Landing Page vs. Website: What’s the Difference?
The Difference between a Landing Page and a Website
How does a landing page differ from a website? Structurally, a website usually consists of at least five pages and has a complete navigation menu. The purpose of your website is to inform your audience about your business and your products/services. Your website should have all the information your potential and existing customers need. When writing content for your website, keep your audience in mind and be sure to answer all of their potential questions about who you are, what you sell, and how they can benefit from what you do.
A landing page is usually only one page of content with limited navigation. In fact, removing the navigation menu from your landing page can increase conversions by 100%. The information on your landing page will also be specific to one thing such as a new product or discount. Your landing page should be clear and simple with one call-to-action. Landing pages are meant to drive sales or generate leads, which is why you shouldn’t overwhelm visitors with too many distractions. On your website, a visitor can become distracted by your about page, your latest blog post, or a different product page. With a landing page, however, you’re keeping all the focus on one specific item. Your focused content and clear action will help generate more conversions than if you added a page to your existing website.
Which One Do I Need?
What is your goal? Are you trying to launch a new product? Is your goal to showcase all of your services in detail? Decide what you want to accomplish, then determine whether a landing page or a website will help you achieve your goal. Here are a few example scenarios to help you get started:
Scenario 1: Establish Credibility for Your Business
Before you can earn the trust of your audience, you have to establish your business as credible. You can build credibility for your business with a well-designed website. You can tell your story, describe products and services in detail to manage the expectations of your customers, and include testimonials and reviews. A good-looking website with simple navigation, clear purpose, and customer-facing content is an effective way to make a great impression on your target audience.

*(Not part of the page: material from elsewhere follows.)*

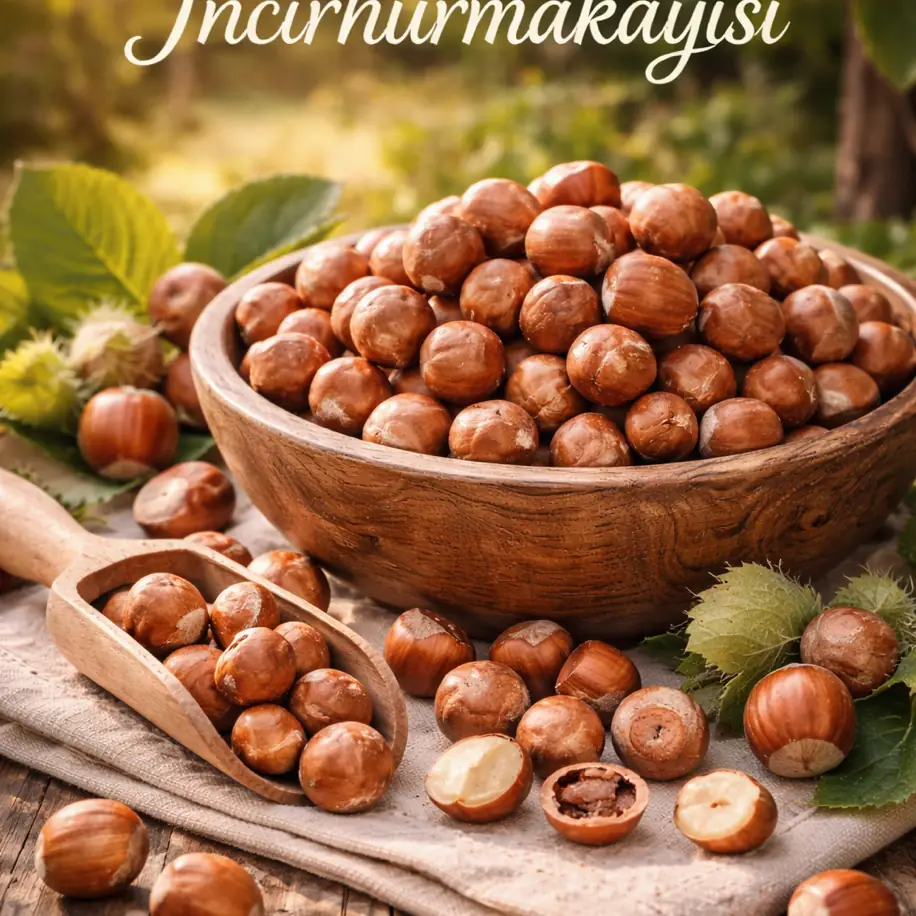 250 gr çiğ fındık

Scenario 2: Launch a PPC Campaign for Your New Product
Landing pages are ideal for pay-per-click (PPC) ad campaigns. Google assigns quality scores to ads based on how relevant the ad copy is to the associated link. You can match the copy on your landing page to your ad copy to improve your quality score. Because landing pages have limited navigation and fewer distractions than a website, they are perfect for highlighting a new product. You can dedicate the landing page to one specific product with a clear call-to-action (CTA).
Scenario 3: Highlight Your Different Business Locations
It’s easier to feature all of your business locations with a website instead of a landing page. You might consider using a landing page if you want to highlight a new location with a grand opening event (see Scenario 4). If you’re just providing a list or detailed information for each of your locations, then a website will work better. You can have a different web page for each of your locations on your website. This allows you to share detailed, location-specific information that customers would need to go to your store. Address, phone number, directions, and store hours will vary based on the location.you can also include photos for each store and location-based keywords to help people find the store nearest to them.

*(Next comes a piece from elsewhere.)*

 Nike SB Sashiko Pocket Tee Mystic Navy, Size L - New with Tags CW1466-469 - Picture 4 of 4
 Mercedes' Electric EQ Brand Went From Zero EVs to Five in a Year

Read more: Understanding Local SEO
Scenario 4: Generate Awareness for Your Upcoming Event
Landing pages are less expensive to build and quicker to complete, which makes them better suited for temporary content like a sale or event. Because landing pages typically have one topic of focus, you can dedicate the entire page to event information. You can easily and quickly update information like the time, location, ticket prices, and weather changes for your attendees. And you can include a button for people to RSVP, which will help you prepare and plan for the event.
Read more: Why You Need a Website for Your Event
Scenario 5: Showcase and Sell All of Your Products Online
With a website, you can showcase all of your products online and make them available to people all over the world. A website is better for showing a comprehensive list of the products you sell. You have more room to share images, descriptions, features, reviews, prices, and more on your website than you would on a landing page.

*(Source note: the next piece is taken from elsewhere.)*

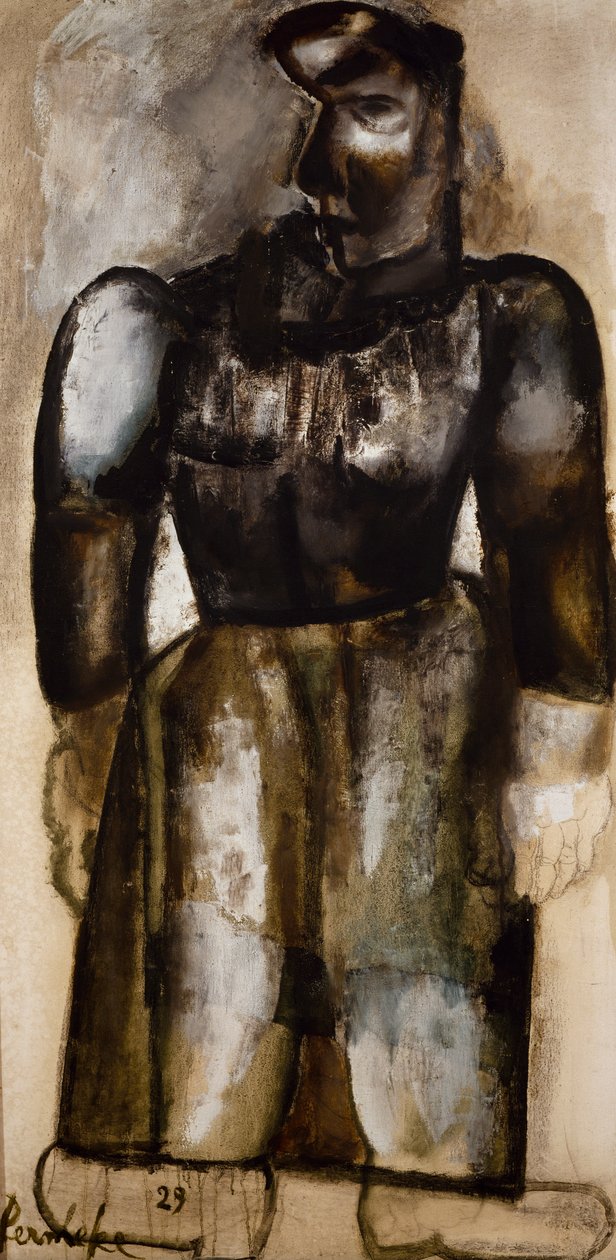 Femme paysanne - Constant Permeke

Read more: Hosting Your Ecommerce Site
Scenario 6: Generate Leads with Gated Content
If you’re working on generating new leads for your business with gated content, then you should use a landing page. With a landing page, you can keep the focus on your content and your lead capture form. Whether you have an ebook, infographic, white paper, free trial, or email series, a landing page will make it easier for people to convert. They won’t get distracted by a navigation menu or other pages and will have one clear CTA to follow.
Read more: What to Do After You Build Your Website
Landing pages are quickly becoming an essential part of digital marketing strategies. Businesses with more than 40 landing pages generated 12 times more leads than businesses with five or less. As you explore your online business needs, you’ll likely find room for a few landing pages. The more landing pages you create to complement your website, the more data you’ll gather about your audience so you can see which pages are the most effective. Companies see a 55% increase in leads when increasing their number of landing pages from 10 to 15. While landing pages are no substitute for a website, they’re still effective and important additions to your online content marketing.